* TASK DESCRIPTION:
The answer must be every line below that holds the word "Jack".
..............................
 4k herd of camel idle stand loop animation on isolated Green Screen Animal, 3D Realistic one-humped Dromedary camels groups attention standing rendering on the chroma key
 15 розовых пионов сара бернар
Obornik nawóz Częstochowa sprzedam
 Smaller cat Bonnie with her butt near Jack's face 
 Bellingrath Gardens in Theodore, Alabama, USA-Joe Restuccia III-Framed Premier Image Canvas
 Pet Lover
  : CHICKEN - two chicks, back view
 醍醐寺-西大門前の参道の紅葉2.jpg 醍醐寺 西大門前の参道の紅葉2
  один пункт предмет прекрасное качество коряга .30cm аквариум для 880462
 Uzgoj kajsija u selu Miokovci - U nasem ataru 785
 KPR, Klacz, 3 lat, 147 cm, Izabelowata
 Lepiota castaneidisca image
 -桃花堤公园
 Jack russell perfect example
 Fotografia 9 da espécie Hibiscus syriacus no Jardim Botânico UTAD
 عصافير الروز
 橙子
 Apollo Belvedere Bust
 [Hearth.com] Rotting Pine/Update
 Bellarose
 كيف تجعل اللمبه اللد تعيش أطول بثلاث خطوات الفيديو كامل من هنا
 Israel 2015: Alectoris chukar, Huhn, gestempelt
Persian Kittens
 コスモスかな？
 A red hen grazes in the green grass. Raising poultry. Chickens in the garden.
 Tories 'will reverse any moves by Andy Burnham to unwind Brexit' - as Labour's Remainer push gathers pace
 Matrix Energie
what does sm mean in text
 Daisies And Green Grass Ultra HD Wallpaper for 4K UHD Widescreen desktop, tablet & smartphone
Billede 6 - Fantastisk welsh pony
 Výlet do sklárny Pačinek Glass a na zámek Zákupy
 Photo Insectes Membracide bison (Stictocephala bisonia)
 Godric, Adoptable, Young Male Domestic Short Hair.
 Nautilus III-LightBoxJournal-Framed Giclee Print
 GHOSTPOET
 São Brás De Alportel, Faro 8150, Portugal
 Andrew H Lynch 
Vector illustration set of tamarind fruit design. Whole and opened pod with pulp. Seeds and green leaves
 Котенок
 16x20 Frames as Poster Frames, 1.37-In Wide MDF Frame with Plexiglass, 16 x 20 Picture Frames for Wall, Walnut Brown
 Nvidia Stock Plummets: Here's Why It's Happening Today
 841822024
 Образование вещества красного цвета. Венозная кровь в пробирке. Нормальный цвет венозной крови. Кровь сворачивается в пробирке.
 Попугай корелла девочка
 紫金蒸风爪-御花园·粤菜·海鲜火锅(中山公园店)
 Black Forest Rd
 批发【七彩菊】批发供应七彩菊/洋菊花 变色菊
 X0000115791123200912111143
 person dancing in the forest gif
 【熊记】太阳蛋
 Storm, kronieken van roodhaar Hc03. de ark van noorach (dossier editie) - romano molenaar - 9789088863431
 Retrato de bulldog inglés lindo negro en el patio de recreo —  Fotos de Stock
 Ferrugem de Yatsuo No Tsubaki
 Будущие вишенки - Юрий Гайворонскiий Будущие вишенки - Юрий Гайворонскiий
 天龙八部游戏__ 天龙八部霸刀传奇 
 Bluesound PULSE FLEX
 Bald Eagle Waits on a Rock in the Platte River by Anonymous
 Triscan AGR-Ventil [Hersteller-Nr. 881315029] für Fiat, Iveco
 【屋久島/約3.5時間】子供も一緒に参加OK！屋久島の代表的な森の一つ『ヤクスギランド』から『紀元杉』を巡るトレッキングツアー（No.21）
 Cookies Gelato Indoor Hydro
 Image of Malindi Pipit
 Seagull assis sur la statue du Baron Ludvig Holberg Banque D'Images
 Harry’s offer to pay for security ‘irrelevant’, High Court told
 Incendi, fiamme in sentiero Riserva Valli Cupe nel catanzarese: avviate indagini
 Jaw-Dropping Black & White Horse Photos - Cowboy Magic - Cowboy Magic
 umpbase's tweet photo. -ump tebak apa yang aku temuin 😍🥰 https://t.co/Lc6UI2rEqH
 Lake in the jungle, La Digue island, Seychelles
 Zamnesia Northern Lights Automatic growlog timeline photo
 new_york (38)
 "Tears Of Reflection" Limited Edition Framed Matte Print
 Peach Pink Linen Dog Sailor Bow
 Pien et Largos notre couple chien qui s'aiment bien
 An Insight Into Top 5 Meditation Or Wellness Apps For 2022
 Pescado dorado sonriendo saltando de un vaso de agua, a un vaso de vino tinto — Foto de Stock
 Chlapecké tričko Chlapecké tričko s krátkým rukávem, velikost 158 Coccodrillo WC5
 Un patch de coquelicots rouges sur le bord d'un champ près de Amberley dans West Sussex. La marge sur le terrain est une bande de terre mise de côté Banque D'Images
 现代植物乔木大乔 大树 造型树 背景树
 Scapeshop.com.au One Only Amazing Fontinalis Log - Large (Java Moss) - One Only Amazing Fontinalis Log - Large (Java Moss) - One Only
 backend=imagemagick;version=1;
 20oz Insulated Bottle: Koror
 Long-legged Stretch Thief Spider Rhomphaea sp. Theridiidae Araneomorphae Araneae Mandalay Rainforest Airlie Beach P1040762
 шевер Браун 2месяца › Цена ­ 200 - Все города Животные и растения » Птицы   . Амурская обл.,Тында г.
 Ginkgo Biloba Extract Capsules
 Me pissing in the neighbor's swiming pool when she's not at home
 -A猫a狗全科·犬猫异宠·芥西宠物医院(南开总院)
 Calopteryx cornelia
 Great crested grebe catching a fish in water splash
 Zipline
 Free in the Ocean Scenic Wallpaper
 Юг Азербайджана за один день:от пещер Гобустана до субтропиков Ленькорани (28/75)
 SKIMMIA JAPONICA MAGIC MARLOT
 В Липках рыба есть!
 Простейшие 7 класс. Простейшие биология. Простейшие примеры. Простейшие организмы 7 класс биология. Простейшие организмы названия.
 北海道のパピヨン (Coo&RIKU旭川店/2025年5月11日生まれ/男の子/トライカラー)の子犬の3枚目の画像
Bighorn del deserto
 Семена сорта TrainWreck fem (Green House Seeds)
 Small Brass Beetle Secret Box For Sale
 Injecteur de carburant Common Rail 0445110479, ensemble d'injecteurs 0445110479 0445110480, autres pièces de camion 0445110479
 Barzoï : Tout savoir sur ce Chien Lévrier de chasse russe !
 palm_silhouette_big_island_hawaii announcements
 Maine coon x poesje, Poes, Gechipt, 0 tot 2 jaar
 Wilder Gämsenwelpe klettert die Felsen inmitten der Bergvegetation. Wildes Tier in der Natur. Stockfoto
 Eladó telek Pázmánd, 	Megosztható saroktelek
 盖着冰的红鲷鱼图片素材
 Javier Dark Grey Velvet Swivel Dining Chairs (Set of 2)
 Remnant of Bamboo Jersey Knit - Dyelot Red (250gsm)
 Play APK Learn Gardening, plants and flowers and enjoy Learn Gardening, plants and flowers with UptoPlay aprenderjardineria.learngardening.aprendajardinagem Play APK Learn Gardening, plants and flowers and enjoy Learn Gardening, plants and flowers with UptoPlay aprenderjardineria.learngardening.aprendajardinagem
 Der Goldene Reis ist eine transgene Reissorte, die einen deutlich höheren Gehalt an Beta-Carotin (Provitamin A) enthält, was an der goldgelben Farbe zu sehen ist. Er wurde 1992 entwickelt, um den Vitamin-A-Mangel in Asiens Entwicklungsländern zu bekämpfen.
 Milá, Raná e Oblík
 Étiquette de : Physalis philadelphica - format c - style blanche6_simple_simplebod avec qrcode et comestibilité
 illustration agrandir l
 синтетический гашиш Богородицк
..............................
* REPLY:
 Smaller cat Bonnie with her butt near Jack's face 
 Jack russell perfect example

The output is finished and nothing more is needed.